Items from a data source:
-=-=-
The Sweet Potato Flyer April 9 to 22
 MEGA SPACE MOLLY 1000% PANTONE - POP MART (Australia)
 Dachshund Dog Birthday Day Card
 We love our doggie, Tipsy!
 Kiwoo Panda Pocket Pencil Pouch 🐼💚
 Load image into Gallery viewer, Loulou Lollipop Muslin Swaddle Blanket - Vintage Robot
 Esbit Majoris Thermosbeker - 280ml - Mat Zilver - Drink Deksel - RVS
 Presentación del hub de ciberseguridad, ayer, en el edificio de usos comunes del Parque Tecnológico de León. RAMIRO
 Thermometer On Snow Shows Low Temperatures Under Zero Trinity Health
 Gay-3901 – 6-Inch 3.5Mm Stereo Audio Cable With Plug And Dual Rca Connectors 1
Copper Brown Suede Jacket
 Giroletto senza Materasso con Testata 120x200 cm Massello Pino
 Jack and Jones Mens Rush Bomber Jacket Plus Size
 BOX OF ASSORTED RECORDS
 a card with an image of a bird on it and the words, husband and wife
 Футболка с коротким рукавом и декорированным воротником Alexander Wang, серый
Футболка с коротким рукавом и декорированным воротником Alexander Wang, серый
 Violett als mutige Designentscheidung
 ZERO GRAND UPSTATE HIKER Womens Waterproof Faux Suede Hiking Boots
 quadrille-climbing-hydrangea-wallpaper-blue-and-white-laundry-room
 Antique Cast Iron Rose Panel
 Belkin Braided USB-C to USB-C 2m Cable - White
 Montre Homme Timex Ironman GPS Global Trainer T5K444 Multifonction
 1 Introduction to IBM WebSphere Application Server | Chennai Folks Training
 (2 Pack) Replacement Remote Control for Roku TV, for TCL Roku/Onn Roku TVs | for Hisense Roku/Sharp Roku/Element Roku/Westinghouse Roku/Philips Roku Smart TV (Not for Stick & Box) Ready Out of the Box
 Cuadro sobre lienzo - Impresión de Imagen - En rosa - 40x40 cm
-=-=-
• [Assignment] Write out exactly the lines that fall from the line with "MEGA SPACE MOLLY" to the line with "1 Introduction to" in the records above, keeping both ends.

• [Problem solution]
 MEGA SPACE MOLLY 1000% PANTONE - POP MART (Australia)
 Dachshund Dog Birthday Day Card
 We love our doggie, Tipsy!
 Kiwoo Panda Pocket Pencil Pouch 🐼💚
 Load image into Gallery viewer, Loulou Lollipop Muslin Swaddle Blanket - Vintage Robot
 Esbit Majoris Thermosbeker - 280ml - Mat Zilver - Drink Deksel - RVS
 Presentación del hub de ciberseguridad, ayer, en el edificio de usos comunes del Parque Tecnológico de León. RAMIRO
 Thermometer On Snow Shows Low Temperatures Under Zero Trinity Health
 Gay-3901 – 6-Inch 3.5Mm Stereo Audio Cable With Plug And Dual Rca Connectors 1
Copper Brown Suede Jacket
 Giroletto senza Materasso con Testata 120x200 cm Massello Pino
 Jack and Jones Mens Rush Bomber Jacket Plus Size
 BOX OF ASSORTED RECORDS
 a card with an image of a bird on it and the words, husband and wife
 Футболка с коротким рукавом и декорированным воротником Alexander Wang, серый
Футболка с коротким рукавом и декорированным воротником Alexander Wang, серый
 Violett als mutige Designentscheidung
 ZERO GRAND UPSTATE HIKER Womens Waterproof Faux Suede Hiking Boots
 quadrille-climbing-hydrangea-wallpaper-blue-and-white-laundry-room
 Antique Cast Iron Rose Panel
 Belkin Braided USB-C to USB-C 2m Cable - White
 Montre Homme Timex Ironman GPS Global Trainer T5K444 Multifonction
 1 Introduction to IBM WebSphere Application Server | Chennai Folks Training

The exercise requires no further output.